Ein sensibles Pferd reagiert auf stockenden oder anhaltenden Atem des Reiters. Ein Pfeifen, Sprechen oder Singen, welches das Zwerchfell zudem in Bewegung hält, verhindert das. - Schütteln Sie Arme und Beine im Stand aus. Legen Sie eine Hand auf Ihren Bauch und spüren Sie, wie sich Ihre Bauchdecke hebt und senkt. Machen Sie sich bewusst, wie Ihr Körper funktioniert und reagiert (Bauchatmung).
- Summen Sie etwa fünf Minuten lang, es lockert das Zwerchfell.
- Stellen Sie sich hin, bleiben Sie im Becken locker und wippen Sie auf den Zehenspitzen. Versuchen Sie nicht verkrampft, die richtige Atmung zu finden, denn diese wird sich durch die Bewegung ganz von alleine einstellen.
- Setzen Sie sich entspannt hin und streichen Sie sich mit ihren Handflächen über Arme, unteren Rücken, Bauch, Brust. Beugen Sie sich vor, um auch Waden und Beine auszustreichen.
- Der Tennisspieler stößt einen Schrei aus, während er mit seinem Schläger den Ball berührt. Viele Kampfsportler stoßen vor dem Angriff die Luft in Form eines Schreis aus – damit setzen Sie blitzartig Energie und Kraft frei. Auch bei Bauarbeitern kann man diese verbale Kraftunterstützung beobachten. Die meisten Reiter halten jedoch schon beim Aufsteigen den Atem an. Ein lautes Ausatmen kann Ihnen beim Anschieben der Mistkarre, Satteln, Aufsteigen oder beim Parcoursaufbau den extra Schwung geben. Sie können sich ein Wort, zum Beispiel „Schuhh“, zur Hilfe nehmen. Ist es Ihnen aber peinlich, laut auszurufen, kann auch ein leiser Ton unterstützend wirken. Sie werden sich nicht mehr mit bloßer Muskelkraft, sondern mit Hilfe der Atemkraft in den Sattel schwingen.
- Bewusstes Ausatmen nutzen: Konzentrieren Sie sich nicht immer aufs Einatmen, sondern aufs bewusste Ausatmen. Die Wechselwirkung sorgt automatisch dafür, dass sie einatmen. Atmen Sie rasch aus, so setzen Sie die Spannung schnell wieder frei. Bewusstes Austamen löst vorhandene Spannungen.
Mit einem ruckartigen Ausstoßen der Atemluft können Sie auch Ihr Pferd blitzschnell anhalten.

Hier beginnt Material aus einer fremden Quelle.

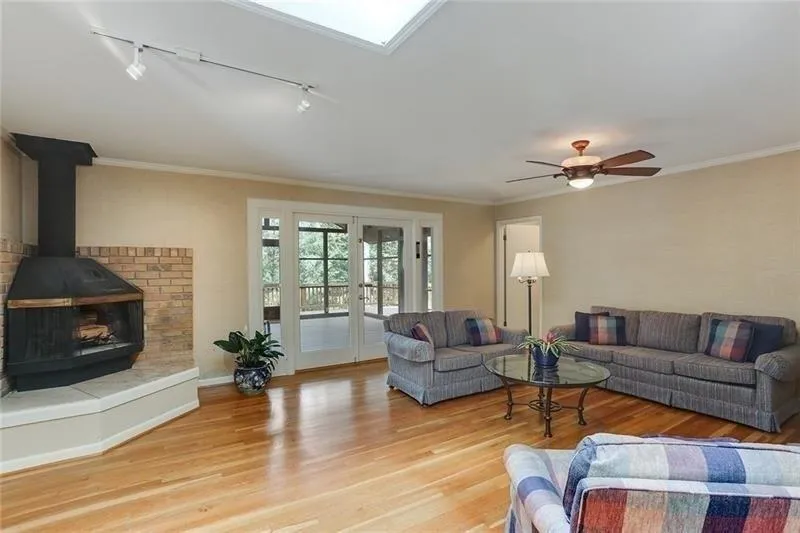 4830 Longchamps Drive, Sandy Springs, Georgia 30319, 5 Bedrooms Bedrooms, ,3 BathroomsBathrooms,Residential,Sold,4830 Longchamps Drive,6029014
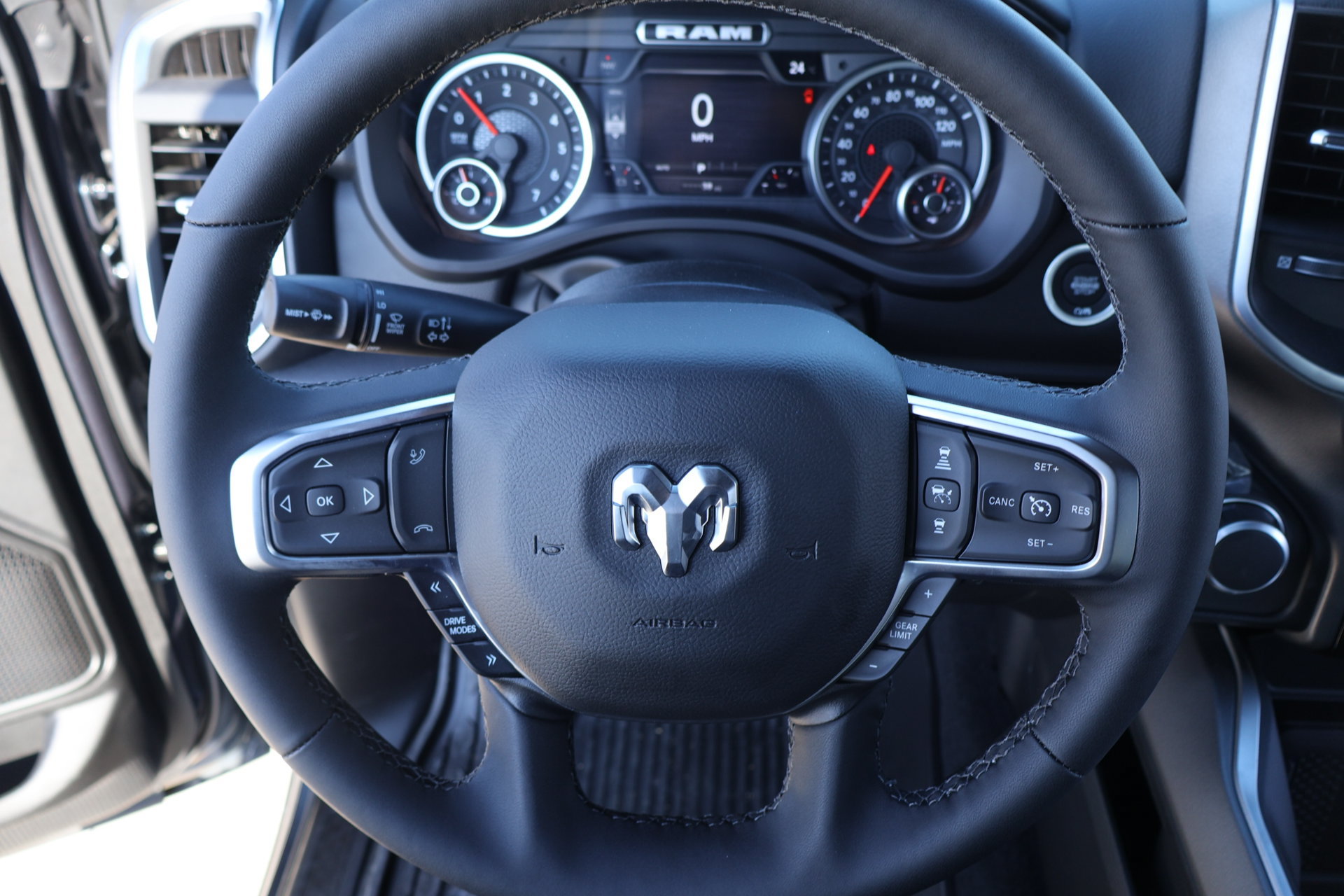 New 2026 RAM 1500 Lone Star AWD/4WD image 3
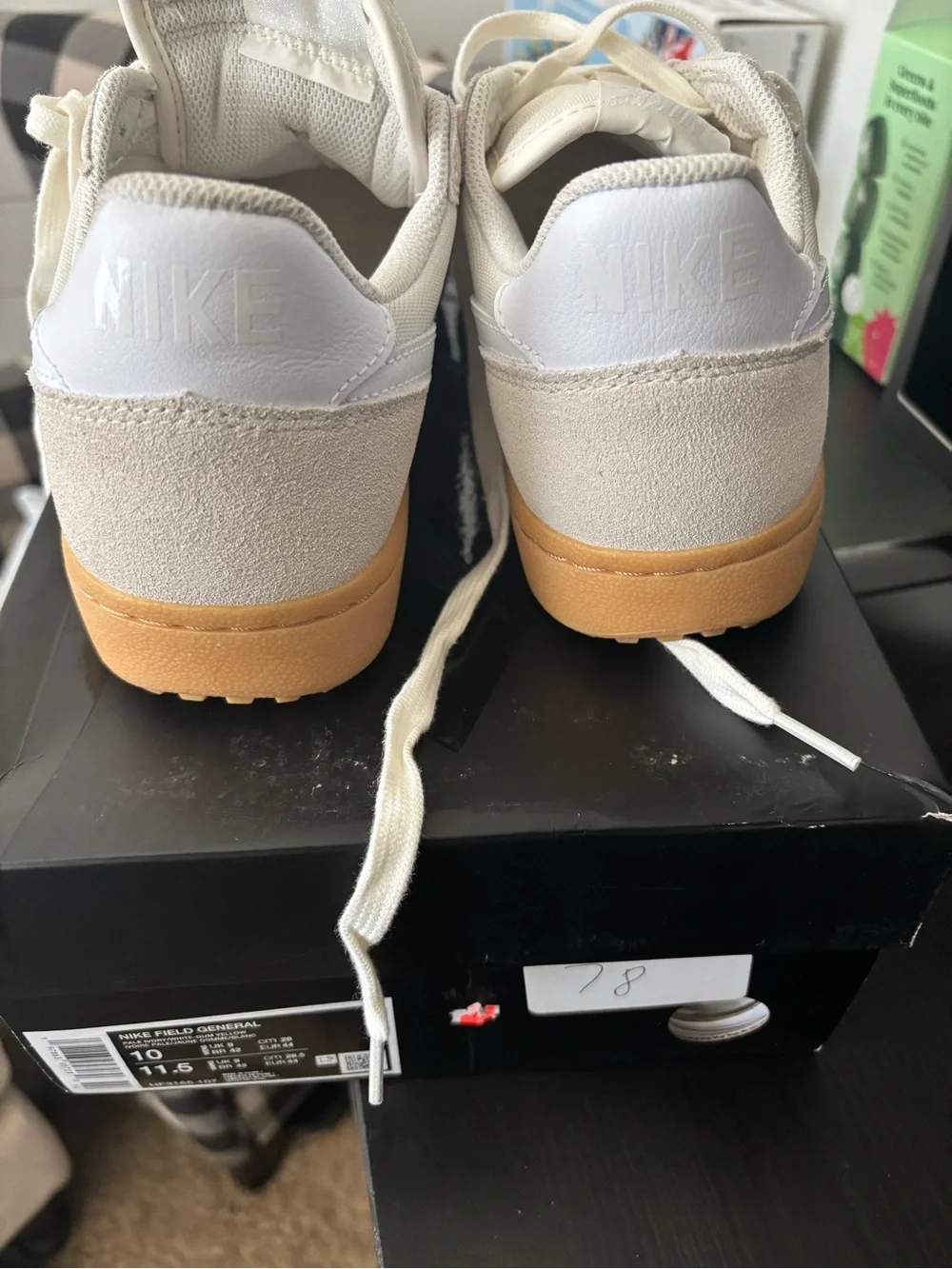 New with box Nike field general Cream and White Low-Top Sneakers with Gum Sole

Achten Sie auf Ihren Körper und üben Sie schon in leicht angespannten Situationen durch Dehnung der Füße, des Nackens oder durch bloßes Wahrnehmen Ihres Körpers oder des Pferdes, sich zu entspannen. Regelmäßig praktiziert und dadurch automatisiert, ist dieser Vorgang in einer Angstsituation hilfreich.Oberstes Gebot ist Dehnung: Nehmen Sie im Stehen den rechten Arm ganz nach oben und zeigen sie mit diesem über Ihren Kopf nach links. Es ist eine physiologische Gesetzmäßigkeit, dass Dehnen eine tiefe Atmung bringt. Auch im Yoga wird dieses Wissen genutzt.
Quelle: Antje Heimsoeth. Mental-Training für Reiter. Müller Rüschlikon Verlag 2008.